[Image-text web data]
——————
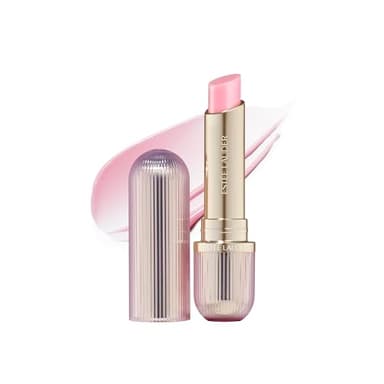 Estée Lauder Futurist HydraPlump Tinted Lip Balm | Includes Hyaluronic Acid + pH-Adaptive Color | Hydrates, Strengthens Lip Barrier, 705 Petal Boost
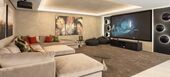 Villa de Lujo con 7 Dormitorios en Venta en Benahavís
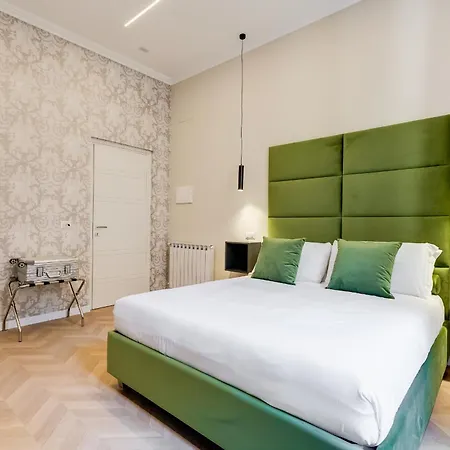 Affittacamere Dionigi 43 Private By Premium Collection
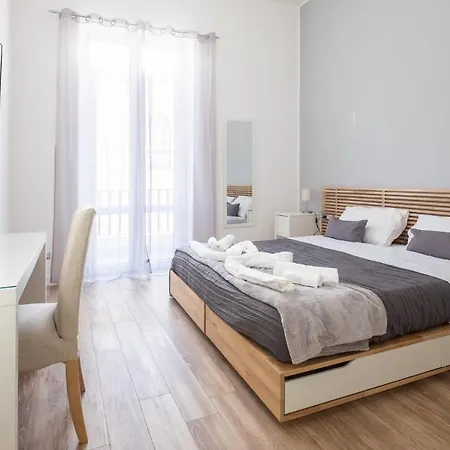 Valguarnera Παλέρμο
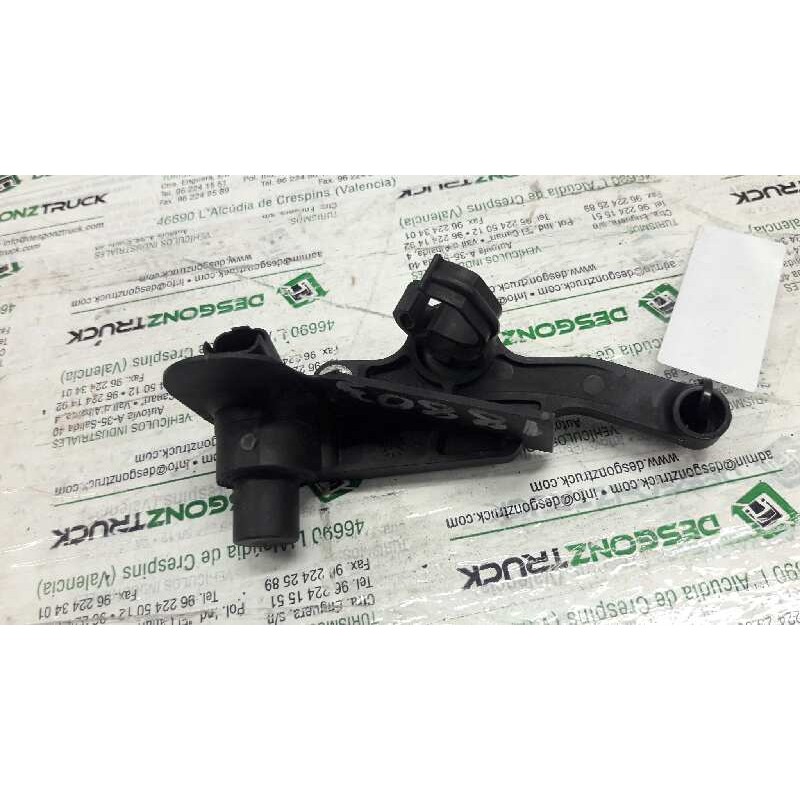 Recambio de captador volante motor para citroën c3 1.4 satisfaction referencia OEM IAM   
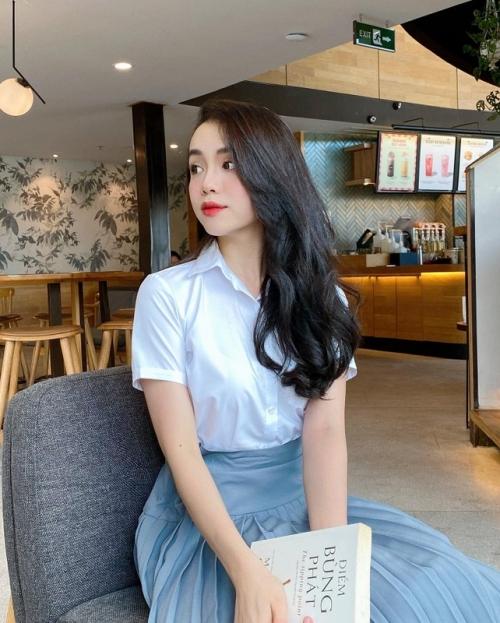 Dàn nữ tiếp viên hàng không Việt nổi như cồn vì quá xinh đẹp, CĐM bất ngờ vì màn lột xác sau những giờ bay-6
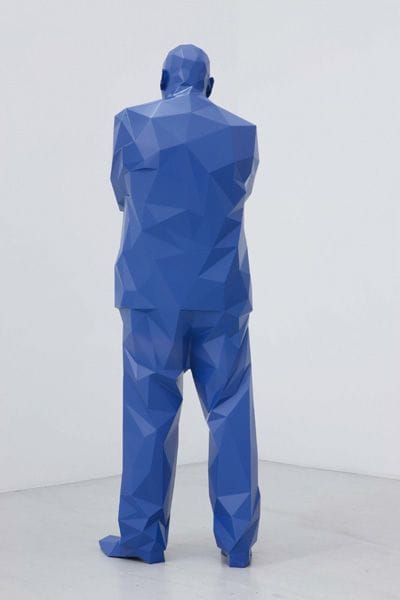 Artwork Title: Jean Nouvel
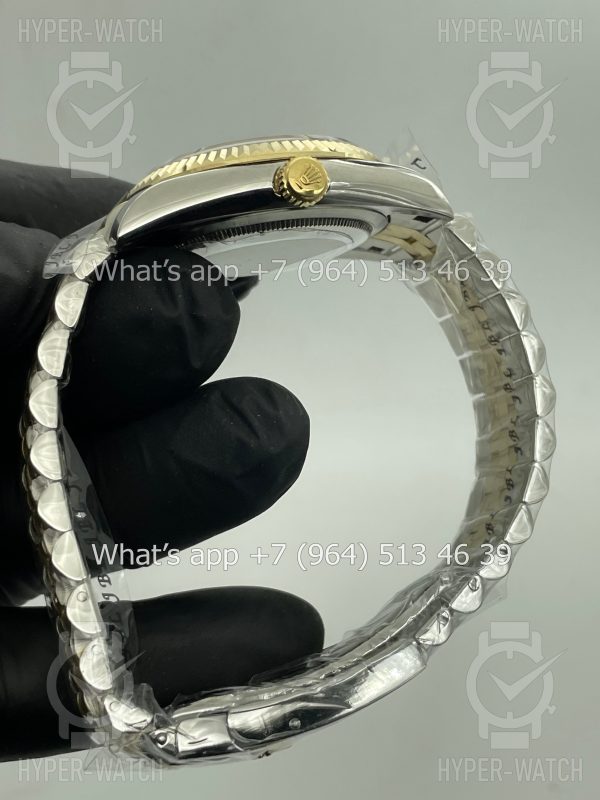 Товар Rolex Datejust 36mm Art 5855 Фото 11 - Rolex Datejust 36mm Art 5855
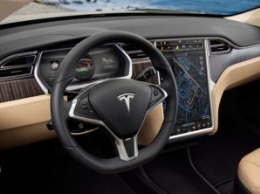 Tesla вошла в десятку наиболее дорогих автомобильных брендов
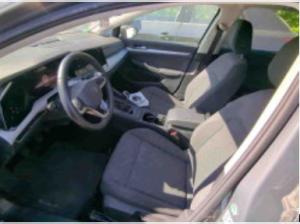 Volkswagen Golf 8 Life 1.5 TSI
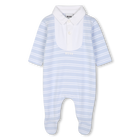 Ensemble pyjama et bonnet BOSS 
                    GARCON
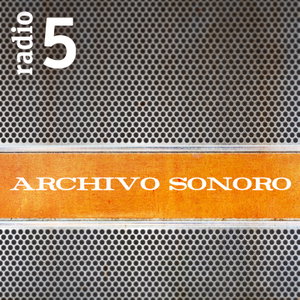 Archivo sonoro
——————
> _What you will do_: The range to set down runs from the line containing "Tesla вошла в" through the final line of the data, both ends included; give it exactly and drop the pictures.

> _Your response_:
 Tesla вошла в десятку наиболее дорогих автомобильных брендов
 Volkswagen Golf 8 Life 1.5 TSI
 Ensemble pyjama et bonnet BOSS 
                    GARCON
 Archivo sonoro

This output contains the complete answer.